Something many people fail to recognize is that we still are in the latest iteration of the de Vries 200-year Solar Cycle. During each of these periods, for two or three decades the Sun is unusually quiet with fewer sunspots, significantly reduced solar magnetic field, and reduced luminance – the result is reduced shielding of Earth from galactic cosmic rays, GCR. While the solar wind interferes with and helps shield Earth from incoming GCR, the combination of Earth’s magnetic field and Earth’s atmosphere protects us from the energetic charged particles of the solar wind. Increased GCR impinging on the upper atmosphere produces increased high energy, ionizing particles that continue through the atmosphere. Surface neutron detectors have been monitoring cosmic ray levels since beginning of the space age. Currently, neutron counts have been running 8% to 12% higher than average. While numerous sunspots are expected at this time, September 18, 2021 was the last of a three-day run of no visible sunspots. For the year to date, 59 days (23% of days) the solar surface has been blank. On the other hand, in 1991 with an active Sun, the neutron count was 32.1% below average.

Not only can ionization tracks form leaders for lightning strokes but also ionized particles can be nucleation sites for cloud formation, and if there is sufficient moisture, can be nucleation sites for rain drops. Numerous studies have found increased precipitation during periods of increased cosmic ray intensity. While they’ve observed increased precipitation across the south and east this last year, here at the Illinois-Wisconsin border we’ve been experiencing reduced precipitation. Is it possible that with sufficient increase of GCR, moisture that normally would come to us from the Gulf would not arrive because the water had been wrung out before it could get very far? This is pure speculation, and likely is inadequate fully to explain our experience because weather is very complex, much more complex than global warming alarmists would have us believe.

A variable hole in the Ozone Layer over the South Pole is currently larger than Antarctica, producing speculation that human induced global warming must be responsible for that occurrence as well. The Ozone Layer is produced by solar wind and UV radiation interacting with a very low-pressure region of the upper atmosphere.
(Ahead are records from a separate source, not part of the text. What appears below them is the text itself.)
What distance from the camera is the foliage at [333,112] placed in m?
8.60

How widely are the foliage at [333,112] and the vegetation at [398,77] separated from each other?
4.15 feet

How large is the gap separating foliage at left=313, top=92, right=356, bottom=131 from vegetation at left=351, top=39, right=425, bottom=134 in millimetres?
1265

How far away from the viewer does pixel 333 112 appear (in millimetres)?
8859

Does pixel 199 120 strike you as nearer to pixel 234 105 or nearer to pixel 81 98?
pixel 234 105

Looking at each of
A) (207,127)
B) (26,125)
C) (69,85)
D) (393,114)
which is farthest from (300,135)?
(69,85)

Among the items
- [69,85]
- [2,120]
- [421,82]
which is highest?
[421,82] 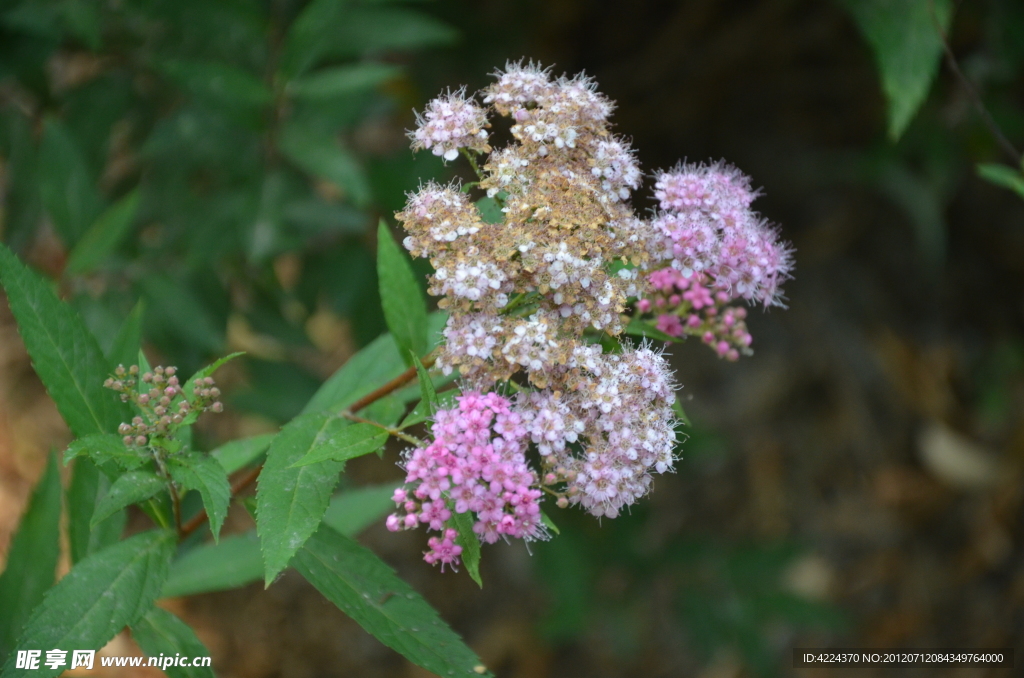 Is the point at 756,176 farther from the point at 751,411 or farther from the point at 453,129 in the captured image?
the point at 453,129

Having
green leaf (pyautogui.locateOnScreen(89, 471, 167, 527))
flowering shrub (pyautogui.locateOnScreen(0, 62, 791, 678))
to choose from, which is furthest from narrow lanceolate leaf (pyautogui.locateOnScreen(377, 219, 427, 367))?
green leaf (pyautogui.locateOnScreen(89, 471, 167, 527))

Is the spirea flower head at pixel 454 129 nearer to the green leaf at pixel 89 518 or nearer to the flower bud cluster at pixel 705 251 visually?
the flower bud cluster at pixel 705 251

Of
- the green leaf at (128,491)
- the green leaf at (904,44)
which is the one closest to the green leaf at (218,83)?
the green leaf at (128,491)

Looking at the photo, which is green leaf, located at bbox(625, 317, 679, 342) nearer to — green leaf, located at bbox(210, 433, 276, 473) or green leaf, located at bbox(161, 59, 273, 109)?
green leaf, located at bbox(210, 433, 276, 473)

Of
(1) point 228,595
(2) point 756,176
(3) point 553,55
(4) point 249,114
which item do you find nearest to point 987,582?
(2) point 756,176

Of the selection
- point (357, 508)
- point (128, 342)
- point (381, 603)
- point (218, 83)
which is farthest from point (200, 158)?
point (381, 603)

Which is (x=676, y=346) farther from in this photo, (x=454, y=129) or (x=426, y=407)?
(x=426, y=407)

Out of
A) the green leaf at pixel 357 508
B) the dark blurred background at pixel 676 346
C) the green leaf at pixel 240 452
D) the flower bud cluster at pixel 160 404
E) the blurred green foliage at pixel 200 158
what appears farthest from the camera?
the dark blurred background at pixel 676 346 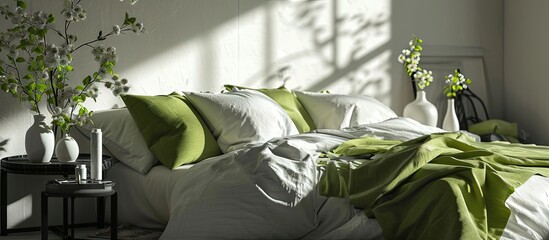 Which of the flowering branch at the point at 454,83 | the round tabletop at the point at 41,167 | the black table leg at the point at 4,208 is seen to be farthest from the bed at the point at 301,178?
the flowering branch at the point at 454,83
Some climate change alarmists blame people for destruction of the ozone layer over a large area. Not recognized is sensitivity of the Ozone Layer thickness to solar activity. An enlarged region of diminished ozone content as result of a quiet Sun would be much easier to argue than result of human activity.

My point – we are passing through a period of significant change in solar activity involving changes that seem to be ignored in computer programs used to predict change to our climate and to describe future climates. An accurate computer simulation of atmospheric conditions is incomplete if it ignores changes in solar activity. In addition, there is no reason why GCR activity should remain unchanged as the solar system orbits within the Milky Way Galaxy. In fact, Be-10 data in lake sediments reveals that previous glacial periods coincided with increased. GCR. Accurate computer models cannot ignore the single most significant contributor to weather and climate, the Sun. Excluding a key element in a scientific analysis may permit a desired outcome but does not provide useful results. It’s important that computer modelers recognize the significance of the truism that’s been with us since the earliest use of computers: “Garbage in, garbage out.”